An E-Sylum reader forwarded this neat article from the Republican American of Waterbury CT about a token issued by Scovill Manufacturing Co. in 1952 to commemorate its 150th anniversary. Scovill created a large number of numismatic items over the years. I hadn't seen this "spinner" token, a promotional item used to decide who pays for a round of beers. -EditorSometimes the smallest things can trigger the greatest memories. For father and son Robert Zabit, senior and junior, it's a coin. But not just any coin.
This particular one evokes Waterbury when it was a manufacturing powerhouse, the once vibrant Brass City where, as Bob Jr. put it, "people worked hard and played hard."

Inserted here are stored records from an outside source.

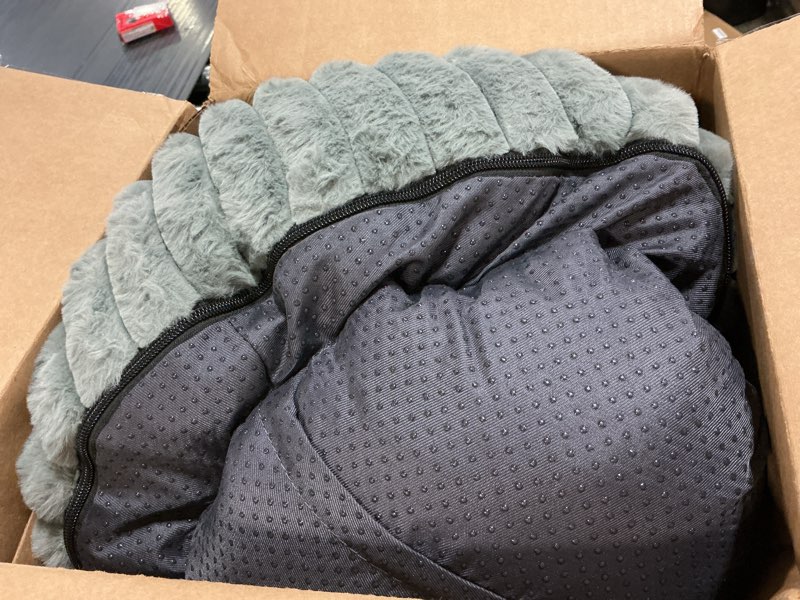 Condition photo showing Good Condition for bedsure comfyfleece™ donut small dog bed - dog beds for small dogs with corduroy fleece & anti slip bottom, round faux fur pet beds with washable removable cover, warm grey, 23x23x7 inches s (23x23x7) warm grey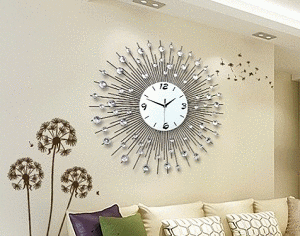 Đồng hồ treo tường dạ quang phát sáng hình giọt sương
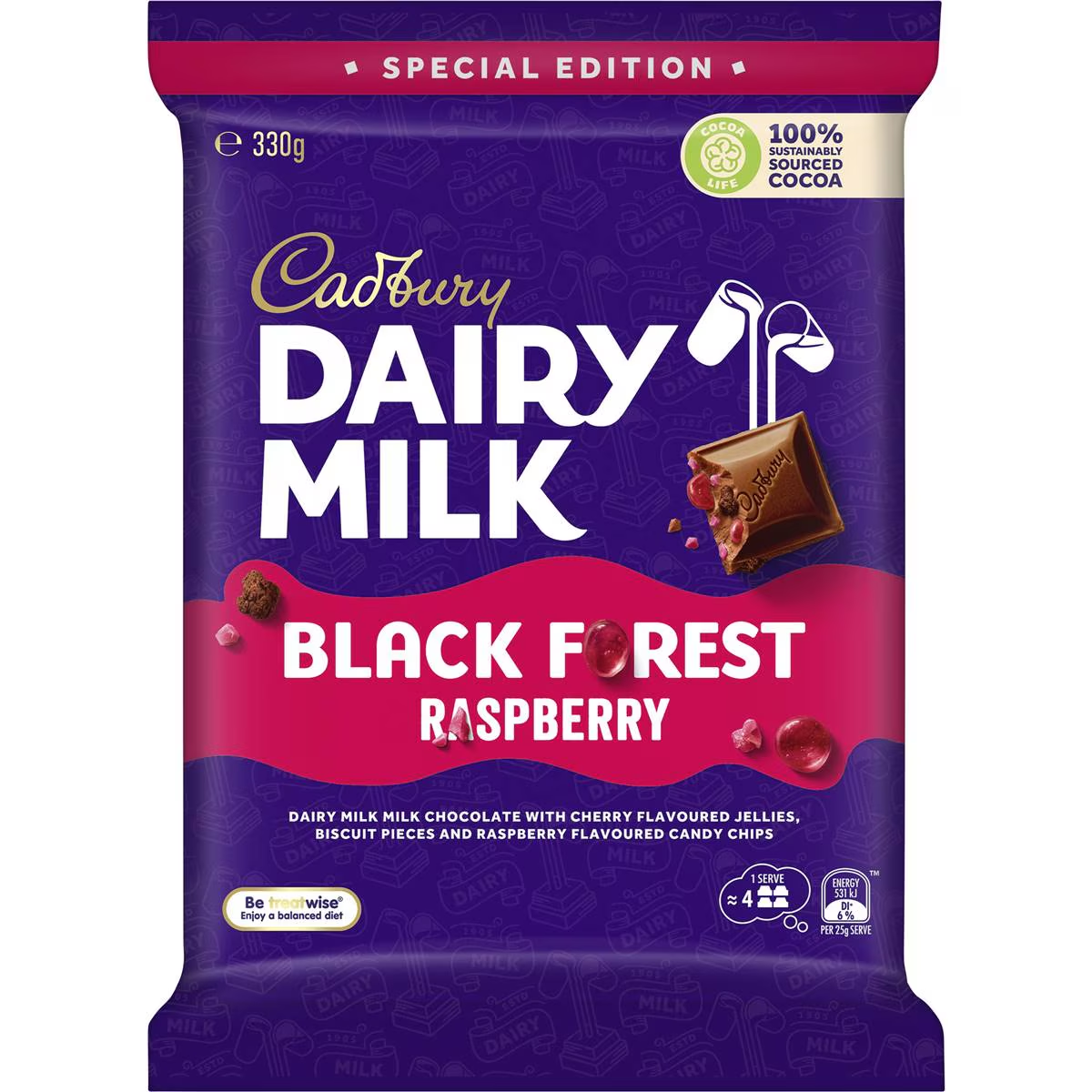 Cadbury Dairy Milk Black Forest Raspberry Chocolate Block 330g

Minted by the Scovill Manufacturing Co. in 1952 to commemorate its 150th anniversary, the shiny brass coin honors an industry's history on one side and a hard-drinking culture on the other.
He placed the coin, which is about the size of a 50-cent piece, face down on a counter, held it between thumb and forefinger and spun it like a top. When the spinning disk came to a stop, an arrow inscribed "YOU PAY" pointed in his direction.
"I guess I buy the round," he laughed.
This is a bar coin, an emblem of a bygone era when factory workers filed into their favorite joint at the end of their shift and, if lucky, could have three or four beers without paying for any of them.
"But you had to stand at the corner of the bar when you spun it, so everyone had a chance of getting stuck with the bill," Zabit explained.
"I remember that," recalled Waterbury's Joseph Begnal, who owned Joe Begnal's Brown Derby right across from the entrance to Scovill's main plant on East Main Street. "We always kept one in the drawer."
Bob senior, a tool setter in Scovill's cosmetic division, was one of "the last three to walk out the door" before the factory closed for good. He still lives nearby. The coin and a key chain inscribed with the exact date the plant closed Nov. 3, 1989 are mementos from 40 years of work he has turned over to his son.
"We share Waterbury's manufacturing history," said Bob junior, 55, who worked for Eastern Color Printing before buying Larry's Wines & Spirits in Middlebury 15 years ago.
The coin is not only rare, but handsomely designed; tactile proof of the company inscription that reads "150 years of craftsmanship in metals." Barely visible within a embossed scene of Scovill's original 1802 plant is a slightly protruding axis point so precisely centered that the coin spins without quavering for nearly a full minute with an easy flick of the fingertips. On the reverse side, along with that fateful arrow, is written: ROUND & AND ROUND SHE GOES, WHERE SHE STOPS NOBODY KNOWS
"By the time that thing stopped, there were a half-dozen pints already on the bar," said Zabit.